President Trump's first executive order concerning immigration was rightly condemned as discriminating based on religious grounds. Not only were the president's statements and tweets evidence, but so were the comments of Rudy Giuliani, who boasted that he helped write the executive order as a "legal" way to ban all Muslims from entering the country. Thankfully, the federal courts did not agree that this was a legal way.
Now the president has issued a subsequent order, attempting to deal with some of the legal issues. It no longer gives preference to non-Muslims, although the order only applies to six Muslim-majority countries. The courts have long held that if it is apparent the intent of a governmental action was unconstitutional, then they will look past the "four corners" of the document under question to determine if it is unconstitutional. If this is not enough for the courts, I can suggest another alternative.

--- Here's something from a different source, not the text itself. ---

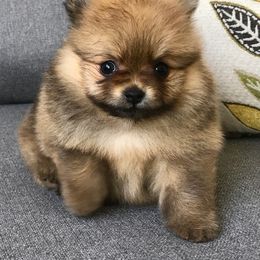 Pomeranian Puppies from Montefino Pomeranians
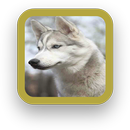 APK Husky Puppy Wallpaper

According to Article VI of the US Constitution, all treaties in which the United States is a party shall be treated as part of the "supreme law of the land."
The International Covenant on Civil and Political Rights is a treaty to which the United States is a party. The first paragraph of Article 2 of that treaty states:
Each State Party to the present Covenant undertakes to respect and to ensure to all individuals within its territory and subject to its jurisdiction the rights recognized in the present Covenant, without distinction of any kind, such as race, colour, sex, language, religion, political or other opinion, national or social origin, property, birth or other status. (emphasis added).
In addition, Article 26 of that treaty states:
All persons are equal before the law and are entitled without any discrimination to the equal protection of the law. In this respect, the law shall prohibit any discrimination and guarantee to all persons equal and effective protection against discrimination on any ground such as race, colour, sex, language, religion, political or other opinion, national or social origin, property, birth or other status. (emphasis added).
The new order, while not differentiating between religious beliefs on its face (the courts must determine intent), does differentiate between immigrants and visitors based on national origin in direct violation of this treaty and, therefore, must be struck down as illegal.